In the opening scene of "Morvern Callar," a young woman awakens next to the body of her boyfriend, who has committed suicide during the night. Lights blink on their Christmas tree. His blood is all over the floor. His presents for her are still wrapped and under the tree. On his computer he has left a suicide note ("It just seemed like the right thing to do"), instructions on how to withdraw money from his account, and the manuscript of a novel that he wants her to submit to a list of publishers.

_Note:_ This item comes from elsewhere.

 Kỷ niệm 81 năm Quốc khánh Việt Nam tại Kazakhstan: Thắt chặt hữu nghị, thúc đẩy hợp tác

Morvern reads the note, opens the presents (she likes the leather jacket), and walks out into the winter gloom of Glasgow. She stands for a long time on a train platform, until a pay phone rings. She listens to the stranger on the other end of the line and finally says, "I'm sure he'll be all right." That night, she dresses sexy and meets her best friend, Lanna, for a night at the pub that ends with drunken, confused sex with strangers. The boyfriend's body remains on the floor.

Morvern is played by Samantha Morton, who like Isabelle Huppert has a face that can convey enormous emotions without visibly changing. Because she reveals so little, we are drawn into her, fascinated, trying to read her thoughts. You may remember Morton as the musician's deaf-mute girlfriend in Woody Allen's "Sweet and Lowdown," or as the pale, limp "pre-cog" in Spielberg's "Minority Report." Here she is a working class girl, prisoner of a thankless job in a supermarket, whose boyfriend is better educated and more successful.

One of the mysteries of the early stages of "Morvern Callar" is Morvern's behavior after finding the body. She cries, inwardly and privately, but such is her aura that we don't know if she's crying for him, or for herself. He left money for a funeral, but after several days, when she can ignore the body no longer, she cuts it up and throws it away. There is a closeup of the computer screen as she deletes his name on the title page of the novel and types in her own. Is she heartless, crazy, or what? I think the answer is right there in the film, but less visible to American viewers because we are less class-conscious than the filmmakers (the director, Lynne Ramsay, is the daughter of a bartender; Samantha Morton is a survivor of foster homes).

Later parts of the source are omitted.